In this exercise, write out the data word for word and leave every image out.

(DATA BELOW):

'''

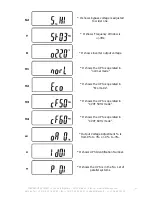 Предварительный просмотр 49 страницы INFOSEC E6 LCD 10K RT User Manual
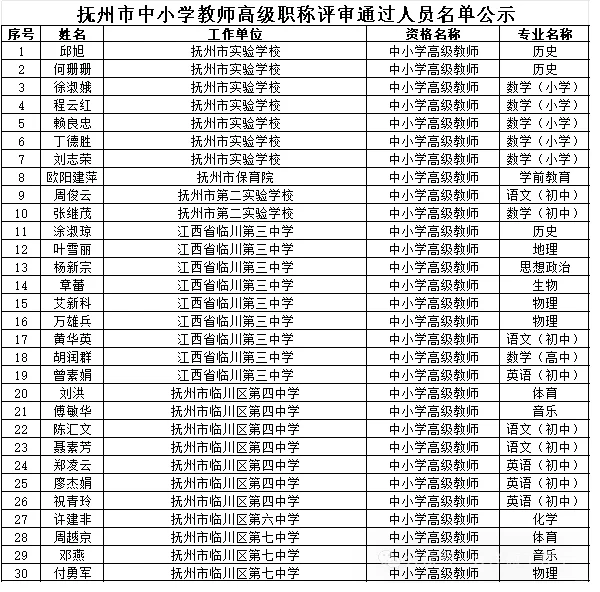 2025年抚州市教师职称评审通过人员公示
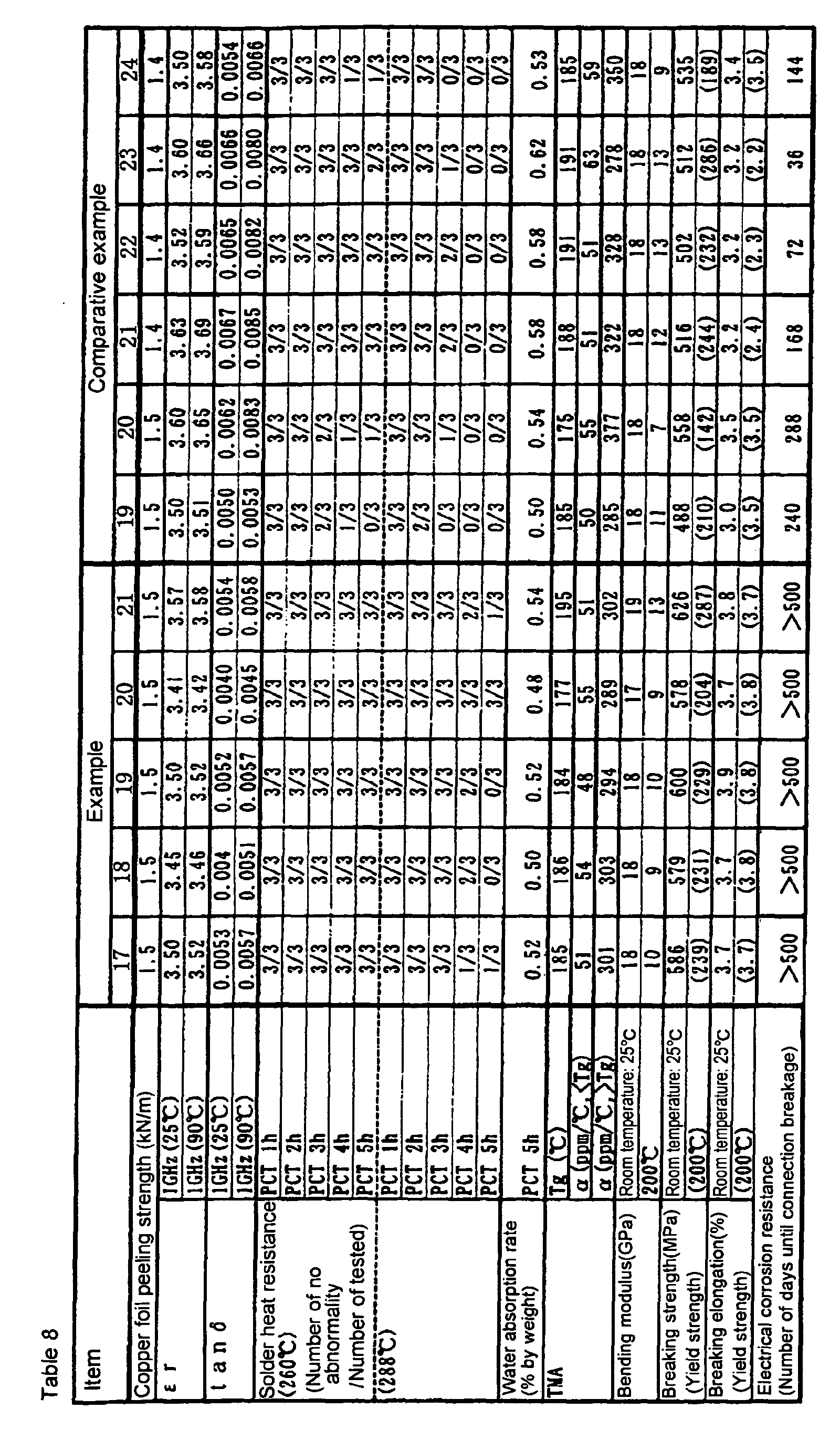 Figure 00830001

'''

(RESULT OF THE TASK):
 Предварительный просмотр 49 страницы INFOSEC E6 LCD 10K RT User Manual
 2025年抚州市教师职称评审通过人员公示
 Figure 00830001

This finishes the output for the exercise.